Second, the development and dissemination of clinician trainings to better recognize signs and symptoms related to human trafficking would be a significant contribution across clinical contexts. Research has demonstrated that approximately 88% of survivors saw a health care professional during the time that they were trafficked (Lederer & Wetzel, 2014)! Some common signs that individuals are being trafficked include inconsistent historical accounts, chronic untreated medical conditions, and not being allowed to speak for themselves if they present to treatment with another person/translator (Geynisman-Tan et al., 2017).

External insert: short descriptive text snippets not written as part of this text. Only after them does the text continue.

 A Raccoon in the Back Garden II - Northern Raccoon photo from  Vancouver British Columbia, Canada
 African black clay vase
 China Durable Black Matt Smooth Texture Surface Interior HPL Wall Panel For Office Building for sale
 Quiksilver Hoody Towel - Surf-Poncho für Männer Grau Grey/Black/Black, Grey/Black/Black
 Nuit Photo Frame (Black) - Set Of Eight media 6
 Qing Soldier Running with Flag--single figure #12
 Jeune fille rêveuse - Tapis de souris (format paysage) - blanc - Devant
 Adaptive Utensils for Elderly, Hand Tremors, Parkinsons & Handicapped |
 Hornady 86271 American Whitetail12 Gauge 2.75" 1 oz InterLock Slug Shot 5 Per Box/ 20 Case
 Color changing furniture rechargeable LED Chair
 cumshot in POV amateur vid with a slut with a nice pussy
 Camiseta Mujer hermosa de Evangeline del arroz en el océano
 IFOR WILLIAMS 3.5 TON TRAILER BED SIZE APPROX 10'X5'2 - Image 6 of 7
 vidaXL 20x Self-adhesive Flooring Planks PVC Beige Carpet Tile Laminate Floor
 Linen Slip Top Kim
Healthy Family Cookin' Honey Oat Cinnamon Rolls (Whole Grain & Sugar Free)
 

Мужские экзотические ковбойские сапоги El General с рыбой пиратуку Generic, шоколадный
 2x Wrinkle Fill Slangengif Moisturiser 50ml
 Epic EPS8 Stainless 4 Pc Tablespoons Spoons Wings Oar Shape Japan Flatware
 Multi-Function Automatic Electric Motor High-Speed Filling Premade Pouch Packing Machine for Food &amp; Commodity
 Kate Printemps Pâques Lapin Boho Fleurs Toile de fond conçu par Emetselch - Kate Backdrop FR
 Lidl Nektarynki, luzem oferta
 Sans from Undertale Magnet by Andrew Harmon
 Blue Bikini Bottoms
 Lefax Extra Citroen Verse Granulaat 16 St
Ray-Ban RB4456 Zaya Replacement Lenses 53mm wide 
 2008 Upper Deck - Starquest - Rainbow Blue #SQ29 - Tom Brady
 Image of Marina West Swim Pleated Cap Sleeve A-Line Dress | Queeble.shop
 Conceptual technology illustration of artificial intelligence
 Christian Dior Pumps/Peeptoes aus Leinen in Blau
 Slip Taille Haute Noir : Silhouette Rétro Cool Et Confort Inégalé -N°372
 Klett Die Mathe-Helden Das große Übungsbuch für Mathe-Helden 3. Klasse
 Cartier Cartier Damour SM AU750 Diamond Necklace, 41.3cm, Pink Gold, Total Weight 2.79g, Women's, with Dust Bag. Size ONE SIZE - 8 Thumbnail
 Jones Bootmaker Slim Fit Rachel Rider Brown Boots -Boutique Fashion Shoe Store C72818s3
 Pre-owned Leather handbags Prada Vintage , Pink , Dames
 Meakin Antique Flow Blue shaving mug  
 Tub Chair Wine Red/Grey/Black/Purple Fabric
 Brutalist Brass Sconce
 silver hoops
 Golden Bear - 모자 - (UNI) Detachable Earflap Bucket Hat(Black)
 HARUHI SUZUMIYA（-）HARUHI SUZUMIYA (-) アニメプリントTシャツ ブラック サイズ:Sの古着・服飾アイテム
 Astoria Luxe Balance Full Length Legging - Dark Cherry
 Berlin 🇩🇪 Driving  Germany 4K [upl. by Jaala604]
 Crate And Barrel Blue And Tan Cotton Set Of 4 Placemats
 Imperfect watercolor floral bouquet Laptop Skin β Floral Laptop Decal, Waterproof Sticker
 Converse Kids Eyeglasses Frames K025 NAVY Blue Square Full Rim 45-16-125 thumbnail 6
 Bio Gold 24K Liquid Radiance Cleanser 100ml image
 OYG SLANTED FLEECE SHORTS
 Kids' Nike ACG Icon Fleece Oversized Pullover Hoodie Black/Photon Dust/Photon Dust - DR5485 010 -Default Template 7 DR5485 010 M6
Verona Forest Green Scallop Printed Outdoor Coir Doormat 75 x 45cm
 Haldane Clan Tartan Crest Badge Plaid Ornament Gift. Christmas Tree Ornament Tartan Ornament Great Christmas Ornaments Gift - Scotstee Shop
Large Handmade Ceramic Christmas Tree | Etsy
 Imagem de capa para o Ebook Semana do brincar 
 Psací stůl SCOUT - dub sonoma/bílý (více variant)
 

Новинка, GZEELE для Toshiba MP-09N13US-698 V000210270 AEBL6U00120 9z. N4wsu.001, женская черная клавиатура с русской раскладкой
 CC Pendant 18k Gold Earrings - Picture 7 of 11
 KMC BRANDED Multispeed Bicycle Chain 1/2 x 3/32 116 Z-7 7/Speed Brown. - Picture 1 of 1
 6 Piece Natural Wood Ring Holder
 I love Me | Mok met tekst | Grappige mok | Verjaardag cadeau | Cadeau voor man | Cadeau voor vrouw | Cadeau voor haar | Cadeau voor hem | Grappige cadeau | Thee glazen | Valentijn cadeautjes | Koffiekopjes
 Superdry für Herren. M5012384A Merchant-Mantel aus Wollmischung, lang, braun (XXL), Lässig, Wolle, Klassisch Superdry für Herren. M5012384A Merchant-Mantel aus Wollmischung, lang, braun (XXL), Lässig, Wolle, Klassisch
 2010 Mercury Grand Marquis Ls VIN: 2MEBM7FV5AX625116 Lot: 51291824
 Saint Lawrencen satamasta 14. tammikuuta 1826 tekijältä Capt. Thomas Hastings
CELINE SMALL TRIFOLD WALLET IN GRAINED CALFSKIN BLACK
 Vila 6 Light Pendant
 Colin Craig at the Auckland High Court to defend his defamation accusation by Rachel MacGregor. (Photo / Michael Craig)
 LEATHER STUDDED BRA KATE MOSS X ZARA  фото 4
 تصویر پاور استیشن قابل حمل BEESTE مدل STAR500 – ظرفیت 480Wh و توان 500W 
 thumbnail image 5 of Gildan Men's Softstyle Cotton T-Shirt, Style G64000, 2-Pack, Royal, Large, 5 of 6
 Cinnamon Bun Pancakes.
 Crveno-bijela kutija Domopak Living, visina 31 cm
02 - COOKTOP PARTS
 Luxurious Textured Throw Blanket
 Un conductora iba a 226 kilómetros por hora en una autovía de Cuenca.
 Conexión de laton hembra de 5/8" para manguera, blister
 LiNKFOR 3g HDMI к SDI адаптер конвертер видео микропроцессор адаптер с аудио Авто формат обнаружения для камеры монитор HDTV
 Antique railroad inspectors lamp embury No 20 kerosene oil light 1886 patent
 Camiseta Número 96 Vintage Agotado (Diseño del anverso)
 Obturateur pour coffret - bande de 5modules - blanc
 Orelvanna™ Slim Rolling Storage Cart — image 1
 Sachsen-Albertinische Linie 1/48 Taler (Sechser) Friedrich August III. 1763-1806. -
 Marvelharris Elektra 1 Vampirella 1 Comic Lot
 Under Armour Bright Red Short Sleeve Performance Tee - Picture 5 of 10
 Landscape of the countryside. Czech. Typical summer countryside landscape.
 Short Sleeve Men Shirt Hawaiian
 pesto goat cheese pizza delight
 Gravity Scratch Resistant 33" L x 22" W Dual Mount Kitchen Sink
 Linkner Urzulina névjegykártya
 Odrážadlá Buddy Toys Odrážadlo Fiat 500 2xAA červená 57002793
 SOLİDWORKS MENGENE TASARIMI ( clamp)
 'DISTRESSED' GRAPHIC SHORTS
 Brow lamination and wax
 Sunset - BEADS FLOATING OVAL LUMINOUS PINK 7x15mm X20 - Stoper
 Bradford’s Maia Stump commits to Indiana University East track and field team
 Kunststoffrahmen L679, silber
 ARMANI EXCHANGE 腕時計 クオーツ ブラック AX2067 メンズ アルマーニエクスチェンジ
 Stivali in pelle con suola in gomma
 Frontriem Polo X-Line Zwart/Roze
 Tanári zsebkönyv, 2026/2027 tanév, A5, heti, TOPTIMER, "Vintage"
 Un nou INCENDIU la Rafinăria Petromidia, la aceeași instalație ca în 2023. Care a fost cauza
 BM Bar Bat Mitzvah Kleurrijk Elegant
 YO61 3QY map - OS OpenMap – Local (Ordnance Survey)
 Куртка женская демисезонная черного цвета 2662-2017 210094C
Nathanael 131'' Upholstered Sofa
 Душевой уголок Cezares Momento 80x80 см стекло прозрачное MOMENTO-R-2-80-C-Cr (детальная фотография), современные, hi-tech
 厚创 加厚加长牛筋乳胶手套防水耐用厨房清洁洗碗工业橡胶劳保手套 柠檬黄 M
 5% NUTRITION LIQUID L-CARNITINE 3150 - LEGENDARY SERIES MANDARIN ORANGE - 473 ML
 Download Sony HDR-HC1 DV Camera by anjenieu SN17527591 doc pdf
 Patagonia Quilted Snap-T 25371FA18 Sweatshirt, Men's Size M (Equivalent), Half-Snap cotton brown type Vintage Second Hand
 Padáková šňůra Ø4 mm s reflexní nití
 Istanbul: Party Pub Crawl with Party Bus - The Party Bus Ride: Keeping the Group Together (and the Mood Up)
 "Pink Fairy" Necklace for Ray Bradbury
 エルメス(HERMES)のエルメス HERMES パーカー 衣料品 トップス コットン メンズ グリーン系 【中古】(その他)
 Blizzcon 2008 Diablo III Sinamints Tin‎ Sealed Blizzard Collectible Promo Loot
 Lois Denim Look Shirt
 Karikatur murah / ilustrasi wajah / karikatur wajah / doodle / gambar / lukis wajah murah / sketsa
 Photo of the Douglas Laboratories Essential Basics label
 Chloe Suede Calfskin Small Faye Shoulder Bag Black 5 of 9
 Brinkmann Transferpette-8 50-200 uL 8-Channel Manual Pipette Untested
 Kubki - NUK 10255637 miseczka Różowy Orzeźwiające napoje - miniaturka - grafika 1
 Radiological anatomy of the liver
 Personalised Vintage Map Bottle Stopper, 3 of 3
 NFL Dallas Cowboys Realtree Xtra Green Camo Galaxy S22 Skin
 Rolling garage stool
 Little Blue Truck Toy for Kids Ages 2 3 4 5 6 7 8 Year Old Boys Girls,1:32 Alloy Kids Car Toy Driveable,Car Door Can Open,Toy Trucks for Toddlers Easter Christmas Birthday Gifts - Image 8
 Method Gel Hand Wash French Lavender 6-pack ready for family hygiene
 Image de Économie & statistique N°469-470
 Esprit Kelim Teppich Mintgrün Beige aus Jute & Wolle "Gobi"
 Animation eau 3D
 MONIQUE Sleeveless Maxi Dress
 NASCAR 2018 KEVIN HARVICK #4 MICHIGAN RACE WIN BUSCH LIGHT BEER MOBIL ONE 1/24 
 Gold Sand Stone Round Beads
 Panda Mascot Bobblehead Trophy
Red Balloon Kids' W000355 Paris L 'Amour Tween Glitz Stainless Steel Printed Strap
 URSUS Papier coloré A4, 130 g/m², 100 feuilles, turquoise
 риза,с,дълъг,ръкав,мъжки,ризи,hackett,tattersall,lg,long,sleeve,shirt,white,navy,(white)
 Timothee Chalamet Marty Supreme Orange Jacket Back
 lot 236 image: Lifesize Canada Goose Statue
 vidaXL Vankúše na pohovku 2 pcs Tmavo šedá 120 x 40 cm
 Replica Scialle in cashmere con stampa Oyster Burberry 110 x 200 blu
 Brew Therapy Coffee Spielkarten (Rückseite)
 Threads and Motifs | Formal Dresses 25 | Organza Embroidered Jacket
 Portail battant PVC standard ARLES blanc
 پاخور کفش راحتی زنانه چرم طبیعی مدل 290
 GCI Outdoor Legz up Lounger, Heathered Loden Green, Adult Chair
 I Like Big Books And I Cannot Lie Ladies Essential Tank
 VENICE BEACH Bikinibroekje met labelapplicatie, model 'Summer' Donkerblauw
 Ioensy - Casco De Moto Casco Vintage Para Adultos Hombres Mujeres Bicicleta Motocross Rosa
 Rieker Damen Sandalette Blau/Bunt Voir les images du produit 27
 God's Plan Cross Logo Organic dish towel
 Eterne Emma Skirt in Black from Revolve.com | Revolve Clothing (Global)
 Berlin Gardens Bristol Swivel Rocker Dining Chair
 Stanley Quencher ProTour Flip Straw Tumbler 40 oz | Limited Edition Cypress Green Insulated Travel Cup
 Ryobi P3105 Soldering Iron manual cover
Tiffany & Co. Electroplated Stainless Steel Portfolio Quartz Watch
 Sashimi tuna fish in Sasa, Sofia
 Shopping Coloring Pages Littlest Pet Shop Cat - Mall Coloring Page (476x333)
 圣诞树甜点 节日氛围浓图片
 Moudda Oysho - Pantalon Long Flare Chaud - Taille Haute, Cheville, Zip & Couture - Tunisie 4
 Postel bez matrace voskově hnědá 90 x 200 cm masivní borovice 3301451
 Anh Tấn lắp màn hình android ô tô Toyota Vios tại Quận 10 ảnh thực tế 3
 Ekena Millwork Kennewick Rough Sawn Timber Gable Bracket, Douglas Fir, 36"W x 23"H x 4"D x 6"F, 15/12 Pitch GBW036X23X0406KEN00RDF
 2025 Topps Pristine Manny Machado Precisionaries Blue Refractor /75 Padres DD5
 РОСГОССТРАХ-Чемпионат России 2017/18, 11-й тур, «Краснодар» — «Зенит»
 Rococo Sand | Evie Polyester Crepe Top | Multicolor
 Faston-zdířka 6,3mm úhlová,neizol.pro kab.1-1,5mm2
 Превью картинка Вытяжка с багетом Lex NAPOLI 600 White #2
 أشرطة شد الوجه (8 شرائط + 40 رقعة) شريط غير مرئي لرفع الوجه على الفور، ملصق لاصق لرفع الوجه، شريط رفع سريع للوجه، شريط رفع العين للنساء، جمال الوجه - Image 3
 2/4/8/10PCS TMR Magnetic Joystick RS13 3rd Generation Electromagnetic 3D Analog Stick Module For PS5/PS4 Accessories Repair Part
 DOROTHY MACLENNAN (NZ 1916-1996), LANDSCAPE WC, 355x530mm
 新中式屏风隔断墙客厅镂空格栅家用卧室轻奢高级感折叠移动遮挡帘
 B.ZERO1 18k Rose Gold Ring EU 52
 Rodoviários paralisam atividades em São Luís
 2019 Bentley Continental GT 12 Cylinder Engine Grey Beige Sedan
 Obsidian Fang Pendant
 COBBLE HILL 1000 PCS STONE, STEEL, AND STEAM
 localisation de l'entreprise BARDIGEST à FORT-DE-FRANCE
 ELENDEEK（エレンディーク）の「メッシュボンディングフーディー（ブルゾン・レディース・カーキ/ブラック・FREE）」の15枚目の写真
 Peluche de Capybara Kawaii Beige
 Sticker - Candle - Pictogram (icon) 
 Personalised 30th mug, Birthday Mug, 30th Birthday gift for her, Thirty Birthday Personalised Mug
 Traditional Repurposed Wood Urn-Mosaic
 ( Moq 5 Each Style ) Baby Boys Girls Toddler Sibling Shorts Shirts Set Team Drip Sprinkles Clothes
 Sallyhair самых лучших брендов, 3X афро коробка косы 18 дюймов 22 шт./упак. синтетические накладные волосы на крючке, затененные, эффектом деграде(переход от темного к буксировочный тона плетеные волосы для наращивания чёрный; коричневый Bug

Third, human trafficking victims may use substances during their trafficking experience for a variety of reasons (e.g., forced use, to increase/improve performance, to cope). Thus, it is important for clinicians to carefully assess motivations and reasons for substance use in order to implement appropriate treatments. Fourth, human trafficking victims present with unique needs related to financial and medical concerns. Clinicians may support clients by connecting them to services that target medical needs, financial and housing concerns, and/or vocational training. Indeed, multidisciplinary approaches have been recommended to increase access to care (e.g., Ravi et al., 2017). Residential programs, in particular, may be attractive to human trafficking victims as they may provide a safe space with regular support, access to interdisciplinary services, and that is free of alcohol and other substances so that human trafficking victims may focus on their recovery.
Finally, clinicians may consider developing specialized treatments for human trafficking victims. This inherently traumatized group presents with unique symptomatology and comorbidities that may not adequately be targeted by current treatment modalities. Psychologists are in a unique position to care for and support this extremely vulnerable population. I encourage all student and early-career psychologists, particularly those in addiction-related services, to be mindful of ways they may support the needs of this unique and particularly at-risk population.
Note. This blog post is based on Smith, L. J., Zegel, M., Bartlett, B. A., Lebeaut, A., & Vujanovic, A. A. (under review). Substance use among human trafficking victims: A systematic review.